• **The task**: Look below for the line with "Knitpro Accessories - Set". Retype it and every line after it to the end, exactly, but leave out the pictures.
(Data to examine)
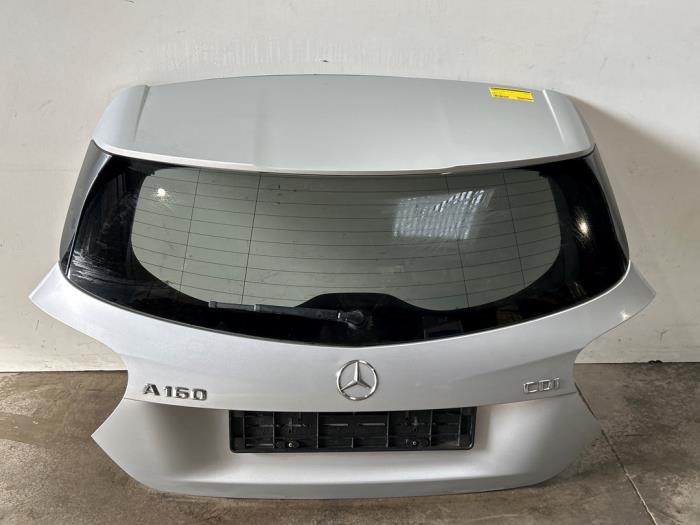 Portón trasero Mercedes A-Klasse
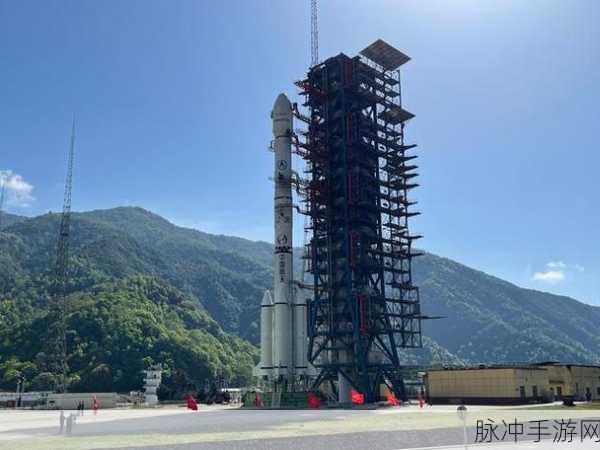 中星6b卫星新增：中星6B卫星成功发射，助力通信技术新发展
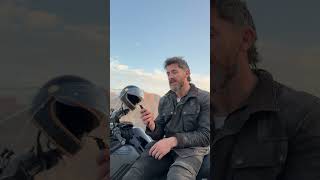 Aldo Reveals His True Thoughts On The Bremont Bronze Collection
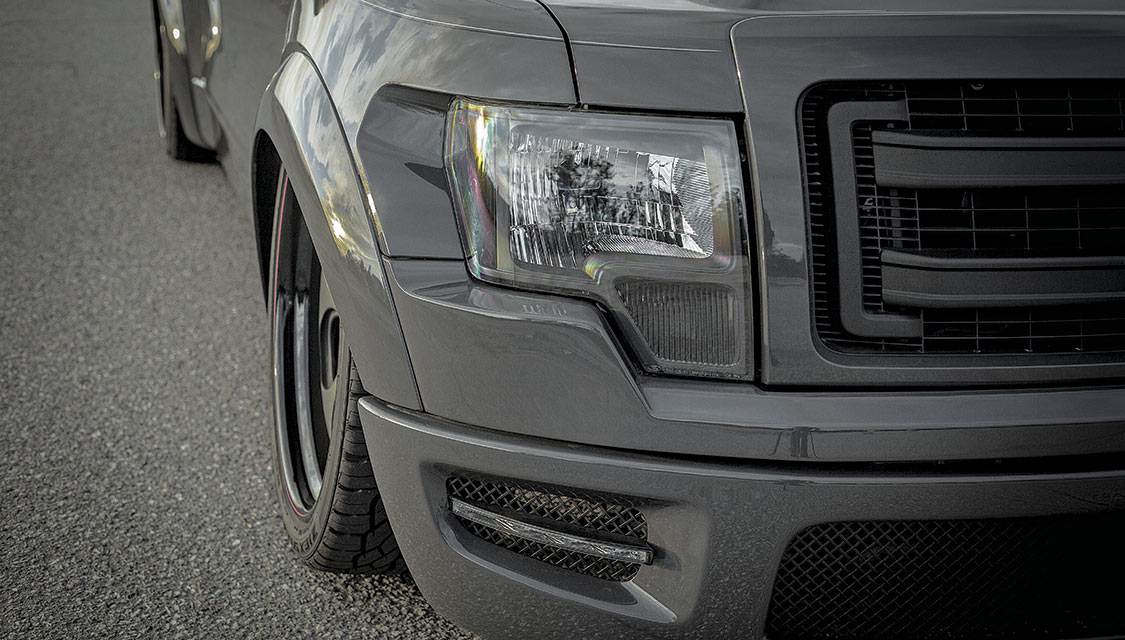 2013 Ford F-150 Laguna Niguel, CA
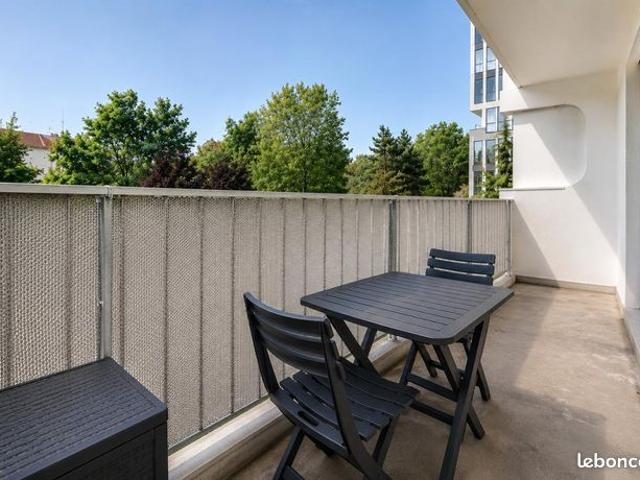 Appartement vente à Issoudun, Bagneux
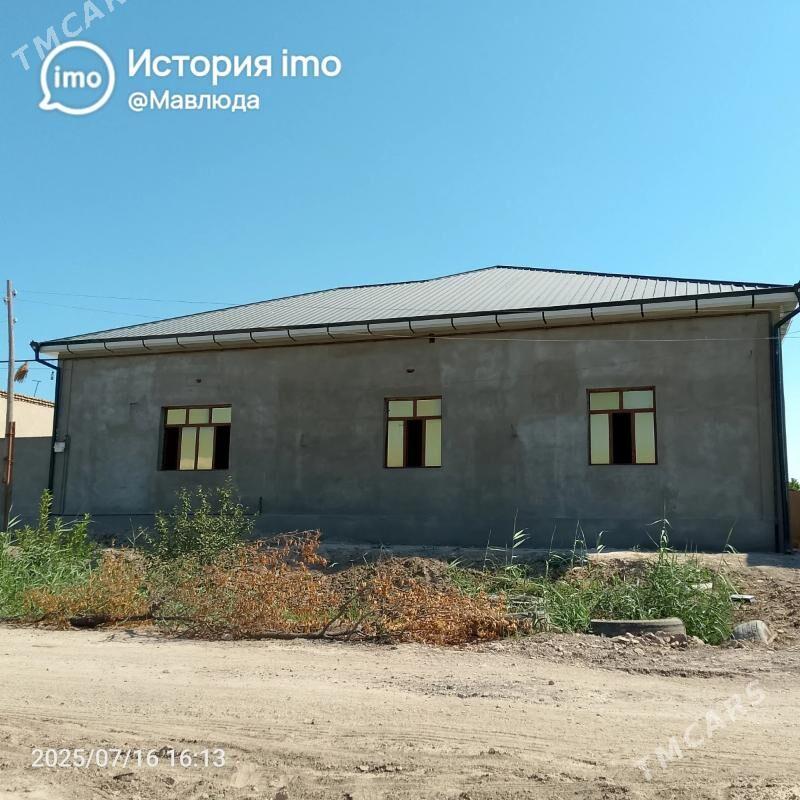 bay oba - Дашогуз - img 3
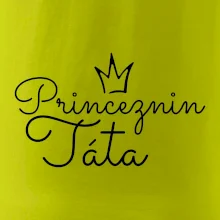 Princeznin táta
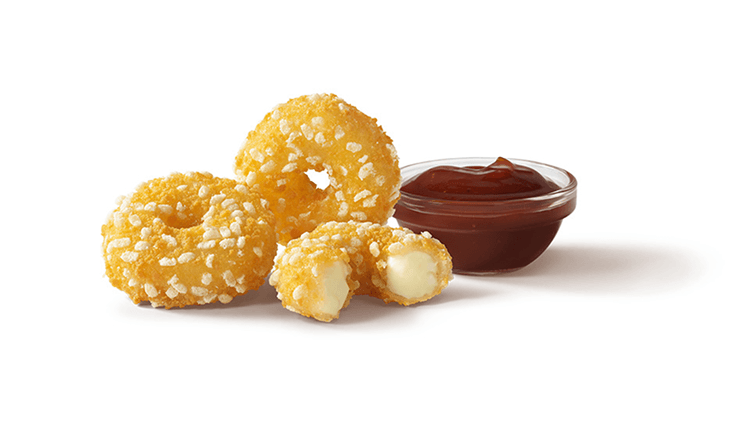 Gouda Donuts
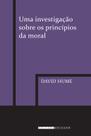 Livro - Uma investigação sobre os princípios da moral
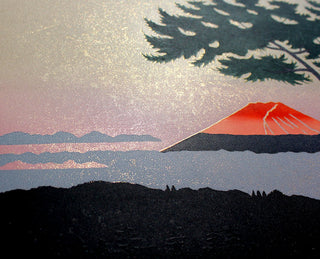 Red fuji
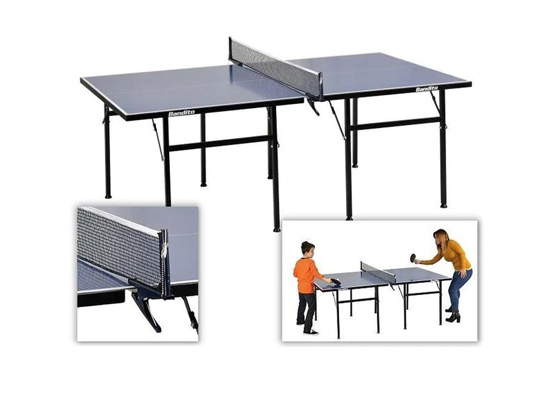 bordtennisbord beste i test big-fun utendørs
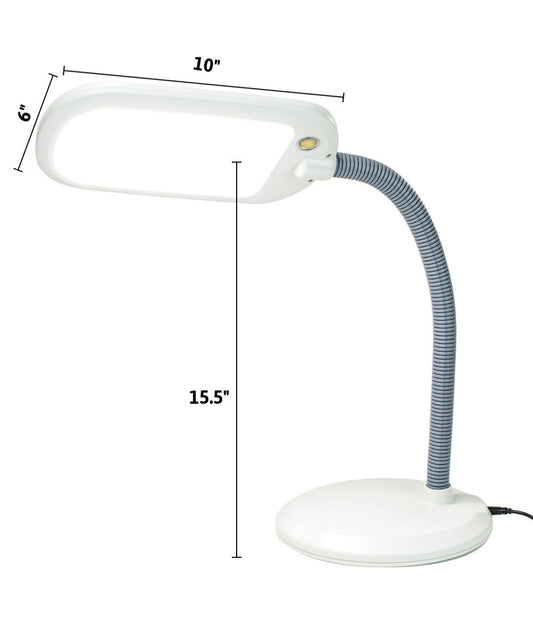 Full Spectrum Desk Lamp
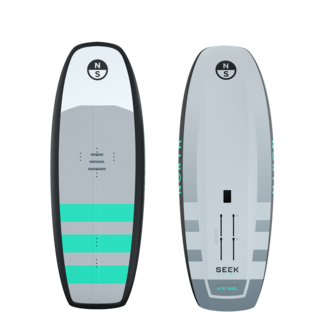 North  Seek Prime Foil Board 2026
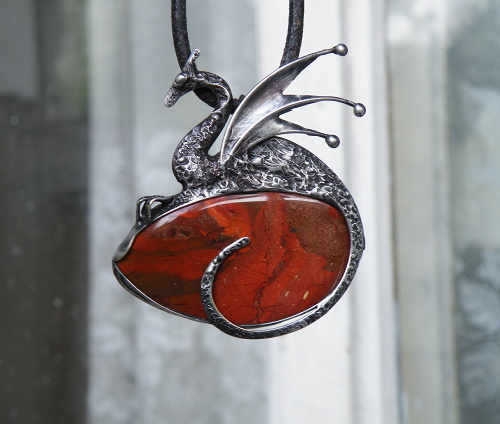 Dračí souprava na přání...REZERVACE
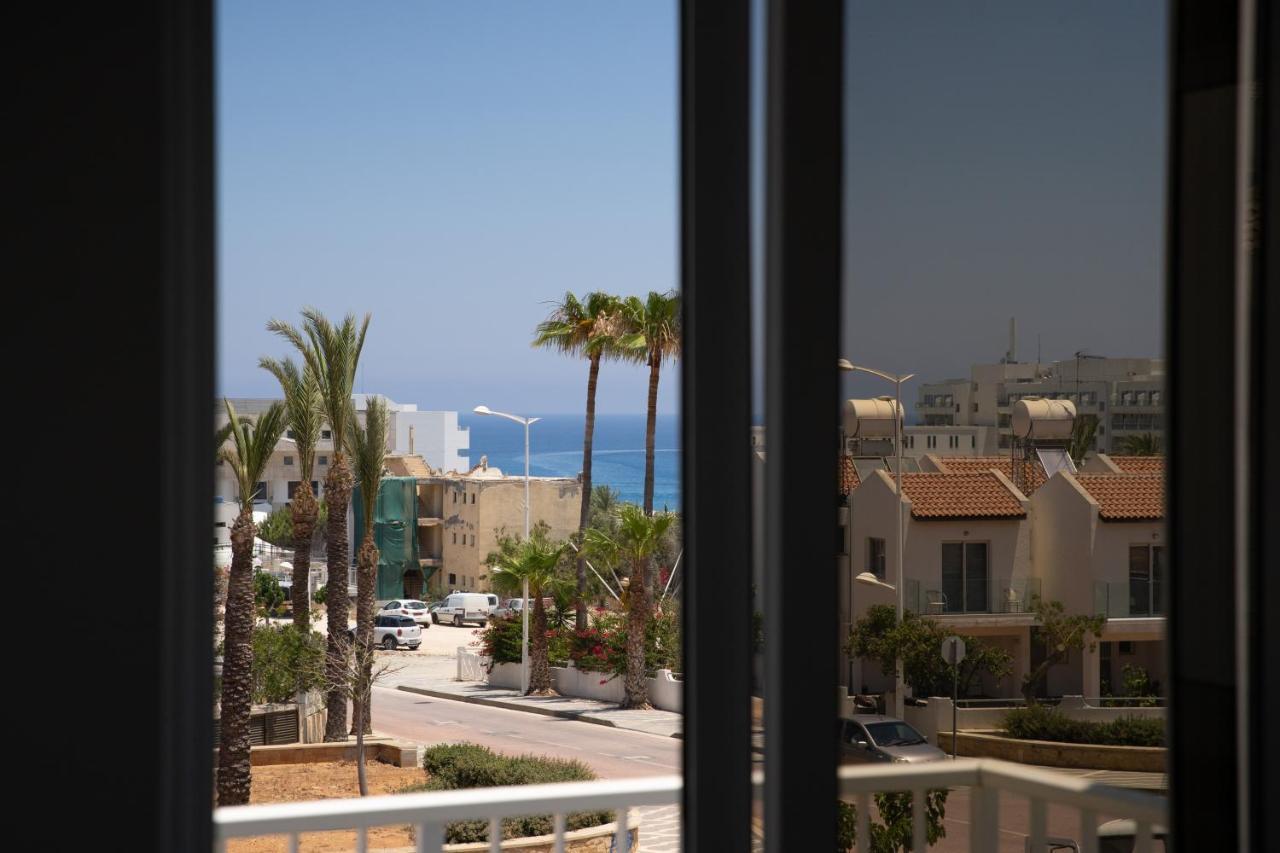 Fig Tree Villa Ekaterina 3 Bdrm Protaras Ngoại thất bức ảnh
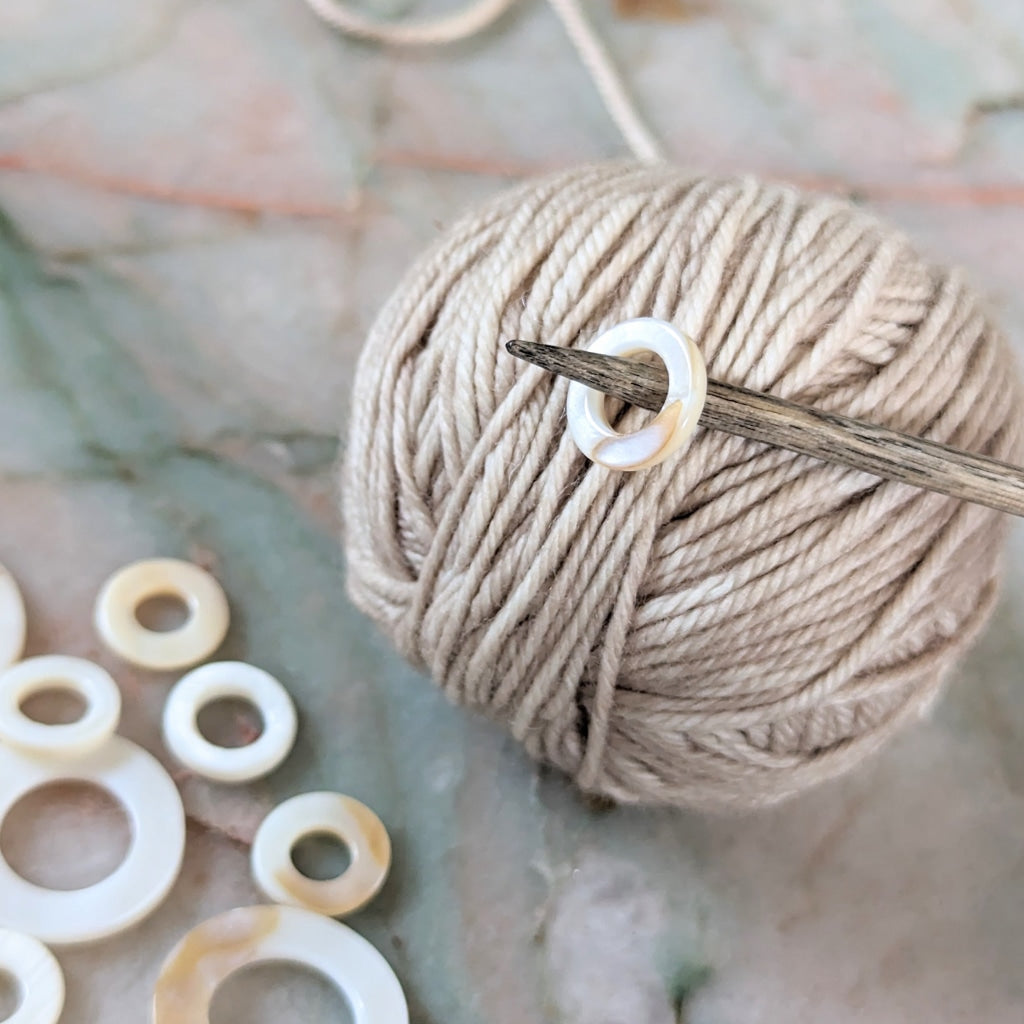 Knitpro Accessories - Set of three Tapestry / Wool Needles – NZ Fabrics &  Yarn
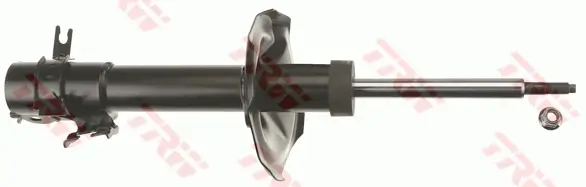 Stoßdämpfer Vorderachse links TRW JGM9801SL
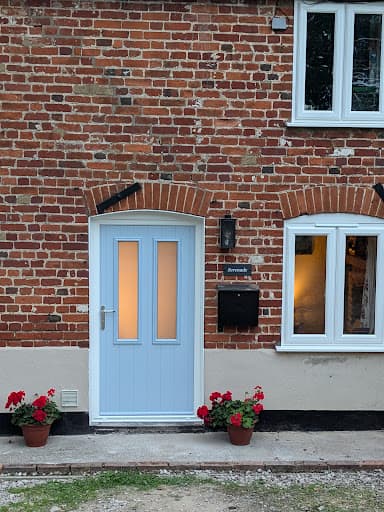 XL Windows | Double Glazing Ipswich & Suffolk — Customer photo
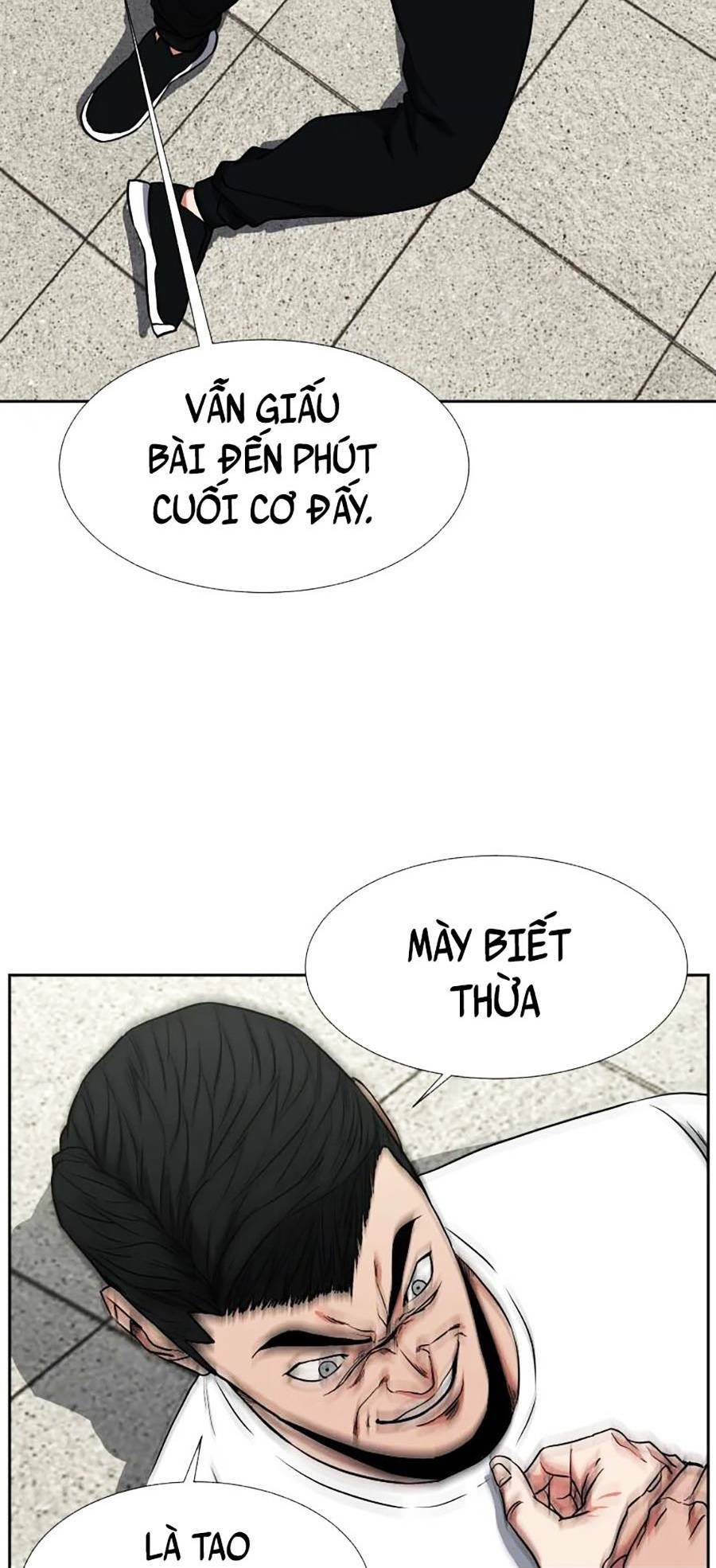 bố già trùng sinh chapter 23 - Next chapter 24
(End Data to examine)
• **Result of this exercise**:
 Knitpro Accessories - Set of three Tapestry / Wool Needles – NZ Fabrics &  Yarn
 Stoßdämpfer Vorderachse links TRW JGM9801SL
 XL Windows | Double Glazing Ipswich & Suffolk — Customer photo
 bố già trùng sinh chapter 23 - Next chapter 24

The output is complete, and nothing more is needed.